Par ailleurs, le rétablissement de l'impôt de solidarité sur la fortune (ISF), l'une des revendications des Gilets jaunes, n'a pas été annoncé comme figurant au programme, par Edouard Philippe.
L'«exigence de fraternité de proximité, de lien quotidien» a ensuite été développée par le Premier ministre, qui a noté «l'isolement, l'abandon, l'indifférence, le manque d'attention, de considération» dont se plaignent les Français.
La solution passe selon lui par le rétablissement de «l’équilibre entre les métropoles et les communes qui se trouvent à l’extérieur». Il faudra agir au niveau des «communes petites ou moyennes qui ont encaissé le choix du développement de métropoles, revoir les règles d'urbanisme qui ont poussé à l'étalement». Il a promis qu'un effort serait consenti «pour les transports». Le chef du gouvernement a souligné la demande de véritables services publics de contact, plus simples, qui ne seraient pas «que du numérique».
L'«exigence démocratique» constitue le troisième pilier des remontées des contributions annoncées par Edouard Philippe, qui a reconnu ne pas être parvenu à «réconcilier les Français avec ceux qui les dirigent». Le Premier ministre a noté la nécessité de «bâtir une démocratie participative au long cours». Toutefois le gouvernement a fixé ses limites. «Certains annonçaient la fin de la démocratie représentative et l'avènement de ce qui aurait pu être une forme de démocratie directe et médiatique permanente. Ce n’est pas ce que les Français veulent», a-t-il affirmé, alors que le Référendum d’initiative citoyenne (RIC) s'est affirmé comme l'une des revendications des Gilets jaunes.
Dernier pan des contributions exposées par Edouard Philippe : la prise de conscience de l'urgence climatique. Selon Edouard Philippe, les «Français sont prêts à changer de comportement», mais sans être taxés davantage.
Selon le Premier ministre, ces quatre exigences font consensus dans les contributions. «Le besoin de changement est si radical que tout conservatisme, toute frilosité serait à mes yeux impardonnable», a déclaré le Premier ministre, dans l'attente des prochaines annonces concrètes.
Un Grand débat très contesté et dont les Gilets jaunes ont été les grands absents
Le principe de cette initiative voulue par Emmanuel Macron a peiné à convaincre, non seulement parmi les Gilets jaunes, mais aussi parmi de nombreux Français, puisque selon un sondage Elabe du 3 avril, seuls 6% penseraient que le grand débat est un réel succès. D'après la même enquête d'opinion, 79% des concitoyens jugent en revanche que le Grand débat national «ne résoudra pas la crise politique que traverse le pays».

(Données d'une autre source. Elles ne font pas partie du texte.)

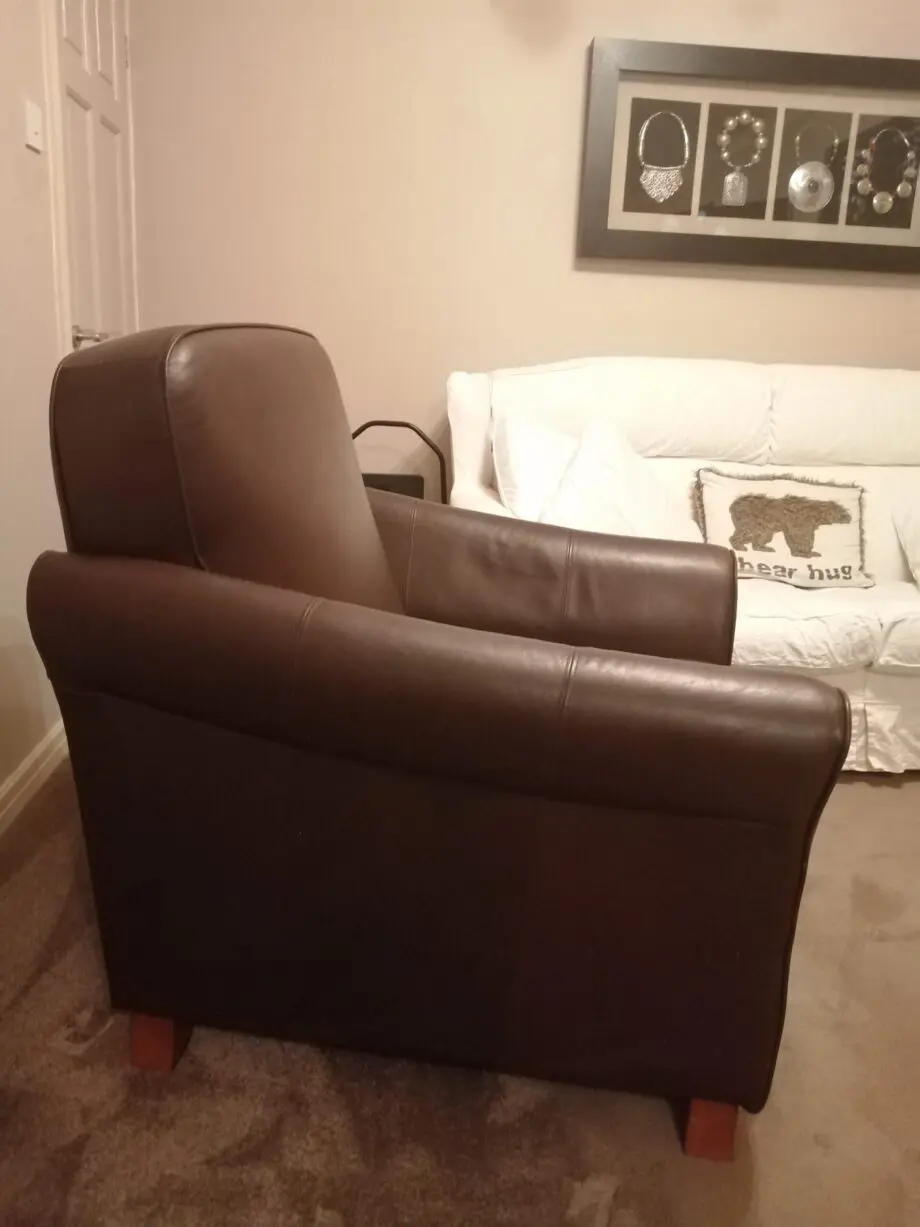 M&S dark brown leather recliner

Un avis partagés par certains commentateurs. Invité à s'exprimer sur RT France, Nicolas Vidal, directeur de la publication de Putsch, estime ainsi qu'à défaut d'entreprendre un réel bouleversement de la politique macronienne, «le Grand débat [...] ne [serait] qu'un grand contournement de la démocratie».
S'ils en ont été à l'initiative, les Gilets jaunes ont été les grands absents du débat, un grand nombre d'entre eux boudant les réunions car ils n'en attendaient rien. Certains estimaient même que celles-ci servaient en réalité d'autres intérêts, à l'instar d'Aurélien Crifo, Gilet jaune et candidat PCF aux élections européennes, qui juge : «Le grand débat on le sait tous, c'était une campagne pour les européennes aux frais du contribuable.»

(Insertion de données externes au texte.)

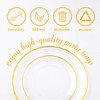 LIYH 120 Pcs Clear Plastic Plates with Gold Trim Disposable,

Selon lui les revendications portées par les Gilets jaunes sont claires : «démocratiques, sociales, fiscales, écologiques». Et de poursuivre : «Mais en face de nous il n'y a rien. On nous demande de faire des propositions, mais est-ce qu'on nous donne les moyens de mettre ces propositions en place ? Je ne crois pas», avait-il ajouté.
L'entrepreneur et Gilet jaune Fabrice Grimal, affirme pour sa part qu'il ne s'agit pas «d'un débat mais d'une série de monologues absolument inutiles, très très longs, où Macron n'a fait que dérouler son programme et ses idées à lui».